[Records from a data source]
BEGIN
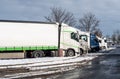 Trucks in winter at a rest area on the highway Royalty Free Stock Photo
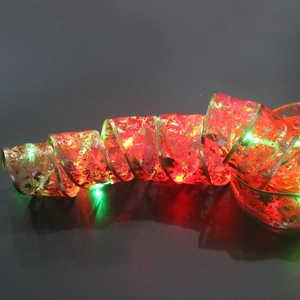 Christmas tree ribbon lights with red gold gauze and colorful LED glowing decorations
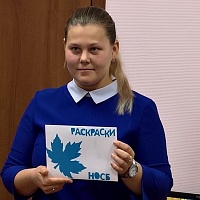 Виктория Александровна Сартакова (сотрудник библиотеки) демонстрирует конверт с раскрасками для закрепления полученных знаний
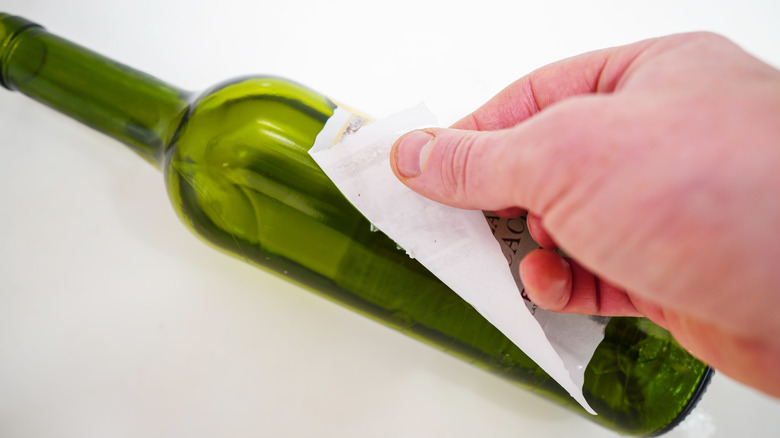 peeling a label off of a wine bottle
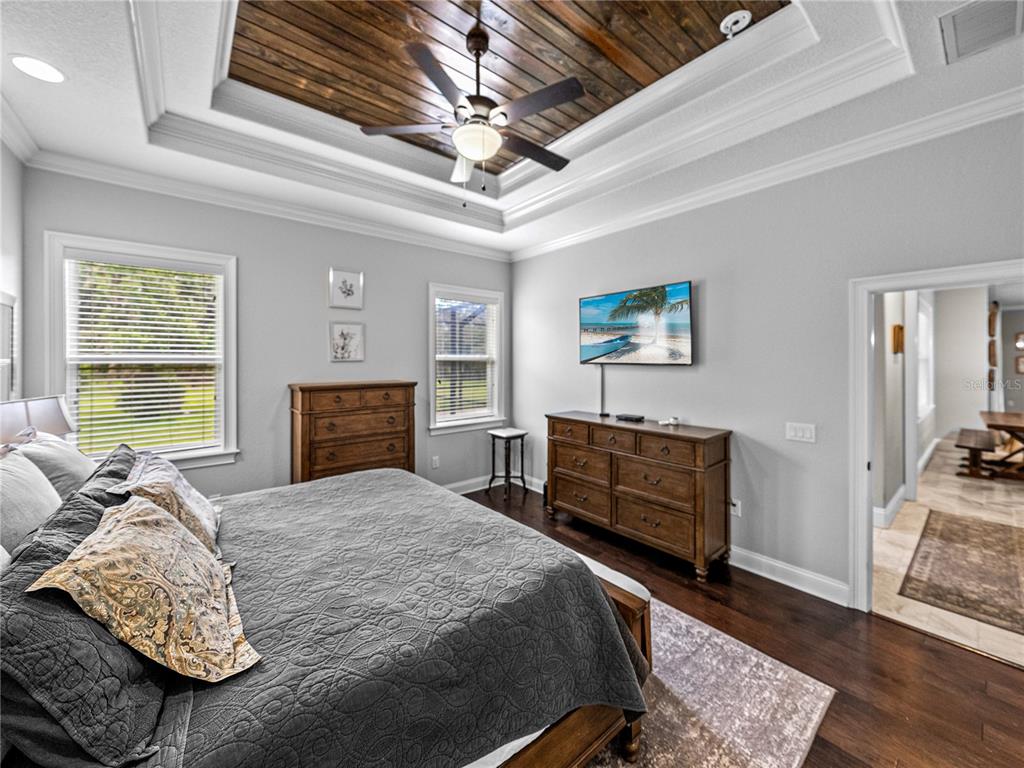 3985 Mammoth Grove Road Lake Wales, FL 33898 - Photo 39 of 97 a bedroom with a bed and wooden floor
END
Activity>
Begin at the top of the records above and retype each line exactly until the line containing "Christmas tree ribbon", which is included. Skip all pictures.

Result of this exercise>
 Trucks in winter at a rest area on the highway Royalty Free Stock Photo
 Christmas tree ribbon lights with red gold gauze and colorful LED glowing decorations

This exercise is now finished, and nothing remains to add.